Vonnegut gets labeled him as Literary Fiction and I complain that the same is often done of Margaret Atwood's work. It seems to me that if one writes using the conventions of a genre then then the product is of that genre, dispite the tastes of the author or how well written it may be. However, it seems all too often well written science fiction must be something else while poorly written stories using the convention of science fiction are merely science fiction. Science fiction has come a long way I suppose, but it seems a matter of degrees.
I've read the first thirty pages of a tremendous amount of science fiction. One thing I've found is that, no matter how good the ideas are, a lot of it is terribly written. Years ago I read Asimov's Foundation trilogy. The ideas were captivating , but the writing! I wouldn't employ him to write junk mail! I loved the film 2001, saw it six times and read the book twice.
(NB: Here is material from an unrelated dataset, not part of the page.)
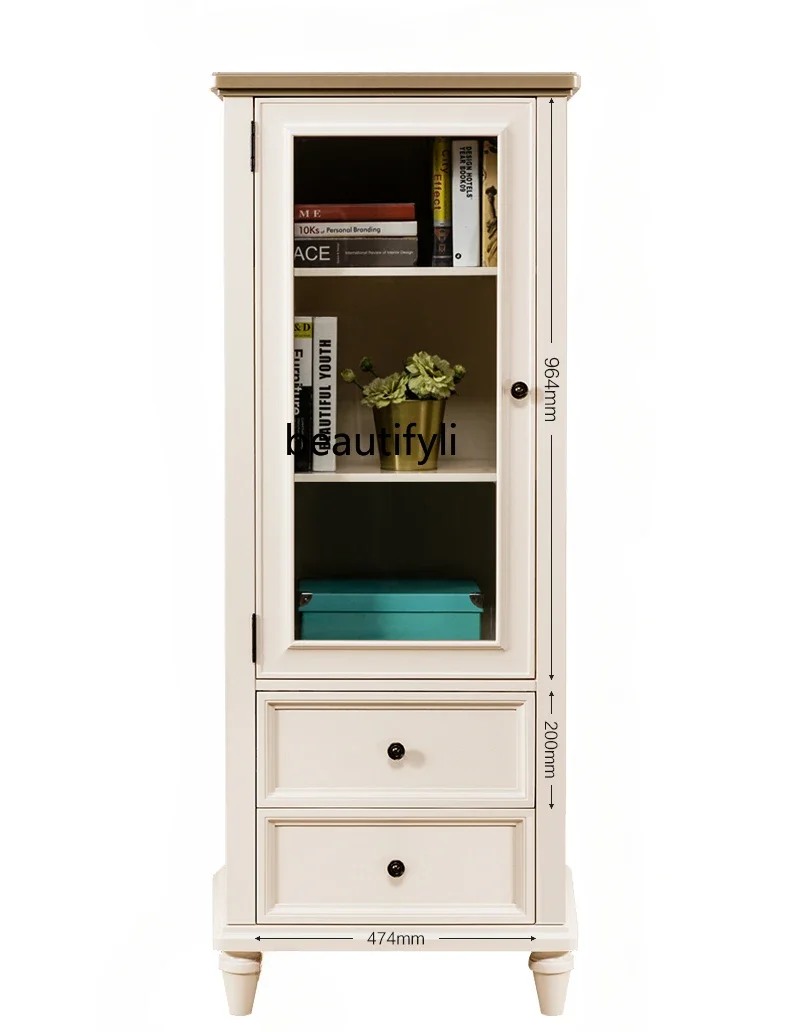 American white pure solid wood, living room display cabinet glass wine cabinet, single door wall storage cabinet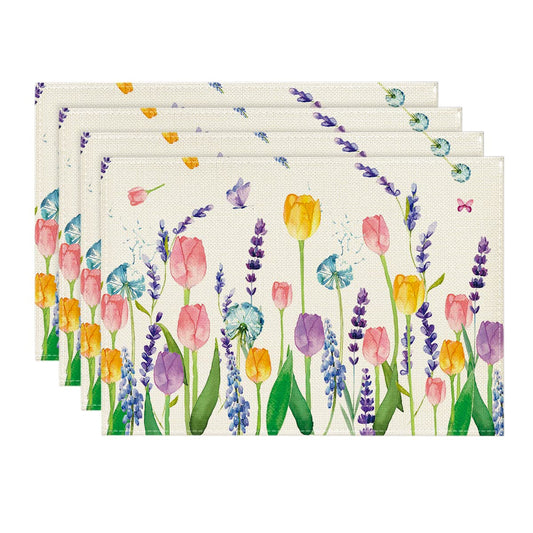 Artoid Mode Lavender Tulip Spring Placemats for Dining Table, 12 x 18 Inch Summer Seasonal Holiday Decoration Rustic Vintage Washable Table Mats Set of 4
And then I read a book called The Lost Worlds of 2001 in which Clarke chronicles the disagreements between himself and Kubrick - he goes through all his ideas left by the wayside, 'Look at this idea he left out, and this idea!' and at the end of the book one has an intense admiration of Kubrick. I read 2010 when it came out, and it was like all the stuff that Kubrick had been sensible enough to leave out of 2002.
What's good? Vonnegut. He's great, but he's not an SF writer. People criticise him for saying it, but it's true. He started with one or two ideas he wanted to convey and happened to find some conventions of SF that suited his purpose.
I thought 'The Sirens of Titan' was close in many ways to 'Hitchhiker's'. The Chrono-synclastic infundibulum, for example, if I've got that right.
That's right, yes. It's funny, people make this comparison, and I'm always incredibly flattered because I don't think it's a fair comparison. It's unfair to Vonnegut, apart from anything else, because when you are talking about the best books (I'm not talking about his later books, where i can't understand how he gets the enthusiasm to get in front of the typewriter and actually write the stuff. It's like going through the motions of his own stylistic tricks), those first three were deeply serious books. My boks aren't serious at that level - they are on some level - but there's clear disparity between them. Read a Vonnegut book next to one of mine and it's clear they're utterly different. People are tempted to compare them for three reasons. Firstly, they are both funny in some ways, and secondly, they've got sapceships and robots in them. [No third way was mentioned]. It's the labelling. A much, much stronger influence on my writing is P.G. Wodehouse; he didn't write about robots and spaceships, though, so people don't spot it. They are looking for labels.* * * * * *
As regards good SF books, well A Canticle for Leibowitz [Walter Miller Jr] is a wonderful book. There also someone I came across because of Hitchhiker's - people kept saying, 'if you write this stuff you must know the work of Robert Sheckley?"
I assume you must have read Sheckley's 'Dimensions of Miracles'.
People kept saying that, so I finally sat down and read it, and it was quite creepy. The guy who constructed the earth . . . it was completely fortuitous. Those are the coincidences, and after all there are only a small number of ideas. I felt what i did was more akin to Sheckley than Vonnegut.